Whatever happened to the echo effect? After all, it's been a couple of weeks since we last mentioned in any meaningful way - you would have to look pretty closely at the margin of our favorite chart in our post yesterday to even see it referenced.
Even though we're still rooting against it, given that it makes the math we do more complicated, filtering for the echo effect would still seem to be providing a better frame of reference for describing why the stock prices are behaving as they are. Here's the echo-filtered version of the alternative futures chart we presented yesterday:
For an example of why filtering for the echo effect would appear to provide a better frame of reference than the unfiltered version, let's look at the change in the value of the S&P 500 from Friday, 14 March 2014 to Monday, 17 March 2014. Here, after investors had fully shifted their forward-looking focus to the expectations associated with 2014-Q3 on Thursday, 13 March 2014, stock prices drifted lower on Friday so that they fell below the level where they would be if they were centered on that target.
Our hypothesis for how stock prices really work says that whenever they deviate from the level associated with the forward-looking expectations of investors, which we measure as the change in the year-over-year growth rates of trailing year dividends per share expected from one future quarter to the next, they will tend to move to the level that is consistent with the future quarter to which investors have focused their attention. And sure enough, that's exactly what happened on Monday, 17 March 2014, as investors maintained their forward-looking focus on the expectations associated with 2014-Q3, for the reasons we discussed yesterday.
Now consider this question - if stock prices truly do have the property of being mean-reverting, what defines where the mean is?
We like the alternative futures chart because, for us, it emphasizes the quantum nature of stock prices - that they chaotically move from one level to another like an electron orbiting a hydrogen atom as they either gain or lose energy. Only here, that happens as investors shift their attention from one alternative future to another and adjust their investment strategies accordingly to the expectations associated with the future upon which they focus.

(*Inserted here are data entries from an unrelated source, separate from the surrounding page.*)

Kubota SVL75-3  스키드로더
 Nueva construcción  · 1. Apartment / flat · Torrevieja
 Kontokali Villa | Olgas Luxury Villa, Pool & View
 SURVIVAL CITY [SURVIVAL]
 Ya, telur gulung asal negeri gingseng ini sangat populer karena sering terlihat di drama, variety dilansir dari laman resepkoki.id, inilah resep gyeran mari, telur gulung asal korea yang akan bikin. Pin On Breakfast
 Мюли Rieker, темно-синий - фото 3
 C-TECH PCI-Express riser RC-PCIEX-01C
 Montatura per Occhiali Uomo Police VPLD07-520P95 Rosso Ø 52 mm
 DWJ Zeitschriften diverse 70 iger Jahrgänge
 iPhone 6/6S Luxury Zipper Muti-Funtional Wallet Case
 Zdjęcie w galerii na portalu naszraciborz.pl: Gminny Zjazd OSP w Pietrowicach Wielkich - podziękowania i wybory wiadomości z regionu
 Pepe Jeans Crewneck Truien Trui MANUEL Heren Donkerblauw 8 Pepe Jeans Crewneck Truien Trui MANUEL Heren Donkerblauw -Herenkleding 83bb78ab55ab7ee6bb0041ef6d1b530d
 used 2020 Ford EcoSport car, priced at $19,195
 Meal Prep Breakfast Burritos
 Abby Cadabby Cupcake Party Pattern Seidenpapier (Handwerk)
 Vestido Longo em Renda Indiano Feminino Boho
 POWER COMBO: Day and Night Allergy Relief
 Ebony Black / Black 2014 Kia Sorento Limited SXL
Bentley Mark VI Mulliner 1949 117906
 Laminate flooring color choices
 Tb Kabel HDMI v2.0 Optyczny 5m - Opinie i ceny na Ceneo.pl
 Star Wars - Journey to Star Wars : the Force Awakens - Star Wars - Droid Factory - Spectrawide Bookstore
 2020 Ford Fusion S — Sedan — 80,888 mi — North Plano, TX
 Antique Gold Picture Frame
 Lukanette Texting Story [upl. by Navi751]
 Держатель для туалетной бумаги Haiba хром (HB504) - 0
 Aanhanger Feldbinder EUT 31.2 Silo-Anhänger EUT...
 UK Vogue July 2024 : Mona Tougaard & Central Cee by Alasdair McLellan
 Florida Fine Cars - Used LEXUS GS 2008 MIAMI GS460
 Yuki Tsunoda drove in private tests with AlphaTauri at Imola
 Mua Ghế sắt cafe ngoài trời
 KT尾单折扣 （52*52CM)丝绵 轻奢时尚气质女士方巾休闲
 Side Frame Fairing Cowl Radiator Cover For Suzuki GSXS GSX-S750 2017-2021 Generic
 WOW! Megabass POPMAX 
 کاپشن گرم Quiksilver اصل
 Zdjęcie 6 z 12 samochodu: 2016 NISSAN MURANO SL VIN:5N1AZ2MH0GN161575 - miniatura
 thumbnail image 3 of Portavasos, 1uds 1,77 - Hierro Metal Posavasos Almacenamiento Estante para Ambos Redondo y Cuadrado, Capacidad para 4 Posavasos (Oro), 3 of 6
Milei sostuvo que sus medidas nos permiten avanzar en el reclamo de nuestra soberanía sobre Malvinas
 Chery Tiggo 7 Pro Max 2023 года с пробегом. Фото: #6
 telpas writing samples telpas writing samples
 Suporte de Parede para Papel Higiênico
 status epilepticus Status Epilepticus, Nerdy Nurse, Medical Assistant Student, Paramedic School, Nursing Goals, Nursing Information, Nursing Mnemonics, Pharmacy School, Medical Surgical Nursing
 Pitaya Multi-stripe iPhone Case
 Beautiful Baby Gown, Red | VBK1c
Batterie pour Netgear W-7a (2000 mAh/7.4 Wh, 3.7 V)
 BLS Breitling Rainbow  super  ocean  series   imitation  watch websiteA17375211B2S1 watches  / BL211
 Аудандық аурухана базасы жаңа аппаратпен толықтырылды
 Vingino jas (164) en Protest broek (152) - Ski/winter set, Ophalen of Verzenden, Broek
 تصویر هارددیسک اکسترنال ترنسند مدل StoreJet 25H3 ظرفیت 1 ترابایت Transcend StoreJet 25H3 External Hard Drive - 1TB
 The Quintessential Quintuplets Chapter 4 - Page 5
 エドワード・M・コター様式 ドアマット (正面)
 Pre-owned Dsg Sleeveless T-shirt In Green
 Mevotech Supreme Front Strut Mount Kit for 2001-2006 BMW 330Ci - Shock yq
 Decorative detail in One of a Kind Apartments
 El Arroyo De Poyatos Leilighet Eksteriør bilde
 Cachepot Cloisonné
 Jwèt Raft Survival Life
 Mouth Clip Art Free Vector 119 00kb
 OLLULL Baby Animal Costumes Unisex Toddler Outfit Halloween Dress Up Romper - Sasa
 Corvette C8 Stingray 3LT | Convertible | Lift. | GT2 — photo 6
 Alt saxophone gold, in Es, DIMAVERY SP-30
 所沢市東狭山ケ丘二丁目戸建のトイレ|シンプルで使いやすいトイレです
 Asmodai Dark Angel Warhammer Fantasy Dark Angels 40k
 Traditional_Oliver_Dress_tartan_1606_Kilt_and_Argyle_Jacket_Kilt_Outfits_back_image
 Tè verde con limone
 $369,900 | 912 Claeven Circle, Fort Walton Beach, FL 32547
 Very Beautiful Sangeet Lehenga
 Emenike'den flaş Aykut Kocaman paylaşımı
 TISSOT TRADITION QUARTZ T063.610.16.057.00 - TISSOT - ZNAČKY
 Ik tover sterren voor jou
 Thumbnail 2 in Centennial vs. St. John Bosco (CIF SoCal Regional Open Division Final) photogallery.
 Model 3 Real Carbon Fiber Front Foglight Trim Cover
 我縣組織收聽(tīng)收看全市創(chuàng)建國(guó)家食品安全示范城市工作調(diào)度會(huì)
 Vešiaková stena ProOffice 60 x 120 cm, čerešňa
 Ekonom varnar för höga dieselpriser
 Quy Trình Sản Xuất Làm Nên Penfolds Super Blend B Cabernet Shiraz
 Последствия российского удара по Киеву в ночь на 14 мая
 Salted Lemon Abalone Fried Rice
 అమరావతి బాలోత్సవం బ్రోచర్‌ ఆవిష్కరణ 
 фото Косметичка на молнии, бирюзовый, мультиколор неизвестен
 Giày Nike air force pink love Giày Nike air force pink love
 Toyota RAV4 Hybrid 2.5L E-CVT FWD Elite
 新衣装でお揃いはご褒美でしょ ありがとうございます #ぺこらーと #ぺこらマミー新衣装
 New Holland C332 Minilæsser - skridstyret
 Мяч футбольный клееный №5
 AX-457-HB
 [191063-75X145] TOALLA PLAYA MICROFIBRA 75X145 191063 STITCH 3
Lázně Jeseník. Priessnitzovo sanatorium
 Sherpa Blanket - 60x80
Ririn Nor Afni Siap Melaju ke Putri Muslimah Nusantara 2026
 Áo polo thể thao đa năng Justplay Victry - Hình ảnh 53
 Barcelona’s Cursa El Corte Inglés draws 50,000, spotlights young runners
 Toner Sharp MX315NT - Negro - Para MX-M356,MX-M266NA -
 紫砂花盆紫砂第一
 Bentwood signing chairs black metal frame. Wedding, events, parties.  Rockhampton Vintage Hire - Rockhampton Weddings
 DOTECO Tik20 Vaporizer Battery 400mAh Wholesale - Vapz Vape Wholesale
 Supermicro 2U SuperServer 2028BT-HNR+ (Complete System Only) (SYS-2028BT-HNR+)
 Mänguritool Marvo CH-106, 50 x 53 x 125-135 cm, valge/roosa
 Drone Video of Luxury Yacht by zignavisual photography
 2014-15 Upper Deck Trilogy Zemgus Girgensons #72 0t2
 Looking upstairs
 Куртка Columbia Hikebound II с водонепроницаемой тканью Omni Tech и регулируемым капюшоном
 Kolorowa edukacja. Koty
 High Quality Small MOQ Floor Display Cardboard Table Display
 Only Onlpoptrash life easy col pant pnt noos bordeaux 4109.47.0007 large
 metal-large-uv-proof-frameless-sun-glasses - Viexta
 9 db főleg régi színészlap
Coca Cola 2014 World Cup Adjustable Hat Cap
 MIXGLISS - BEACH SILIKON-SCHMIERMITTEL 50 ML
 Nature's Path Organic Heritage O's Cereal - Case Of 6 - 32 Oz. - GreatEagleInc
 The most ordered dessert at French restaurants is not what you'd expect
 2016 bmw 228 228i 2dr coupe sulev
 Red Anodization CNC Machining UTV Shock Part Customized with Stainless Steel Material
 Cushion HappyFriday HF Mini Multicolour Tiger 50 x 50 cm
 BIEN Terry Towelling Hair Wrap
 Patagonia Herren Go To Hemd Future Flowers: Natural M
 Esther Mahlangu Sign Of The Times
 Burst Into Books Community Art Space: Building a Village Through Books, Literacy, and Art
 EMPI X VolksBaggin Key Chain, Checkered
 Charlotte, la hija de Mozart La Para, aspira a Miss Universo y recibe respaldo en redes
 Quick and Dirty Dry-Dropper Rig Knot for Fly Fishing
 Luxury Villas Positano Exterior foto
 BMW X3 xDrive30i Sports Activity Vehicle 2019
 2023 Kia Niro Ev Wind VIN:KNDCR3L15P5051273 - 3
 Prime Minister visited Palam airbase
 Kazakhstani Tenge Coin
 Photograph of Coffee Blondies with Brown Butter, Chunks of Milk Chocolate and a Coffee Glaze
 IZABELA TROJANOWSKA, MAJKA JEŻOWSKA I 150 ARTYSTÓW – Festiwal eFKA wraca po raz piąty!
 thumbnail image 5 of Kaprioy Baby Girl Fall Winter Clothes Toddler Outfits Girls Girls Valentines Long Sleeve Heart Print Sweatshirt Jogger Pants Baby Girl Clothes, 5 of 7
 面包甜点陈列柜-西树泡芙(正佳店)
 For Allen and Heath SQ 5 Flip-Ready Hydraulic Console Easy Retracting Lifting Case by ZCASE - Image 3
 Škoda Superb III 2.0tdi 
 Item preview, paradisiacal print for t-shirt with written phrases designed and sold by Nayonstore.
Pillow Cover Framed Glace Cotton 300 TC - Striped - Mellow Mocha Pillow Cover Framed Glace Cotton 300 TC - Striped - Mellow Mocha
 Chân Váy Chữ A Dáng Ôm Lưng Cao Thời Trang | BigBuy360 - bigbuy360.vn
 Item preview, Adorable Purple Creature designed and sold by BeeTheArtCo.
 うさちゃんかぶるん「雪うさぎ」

So we find ourselves in the odd position of knowing what the future for stock prices is (or more accurately, what the alternative futures for stock prices are), or would be, provided that we can identify or accurately predict which future's expectations will signal and hold the attention of investors.
And yet, it's unpredictable because there are random and chaotic elements behind when those shifts might occur. We call that noise, which while causing stock prices to deviate from the targets investors would set, is necessary for the market to behave efficiently.
But that's a whole different topic for a different day.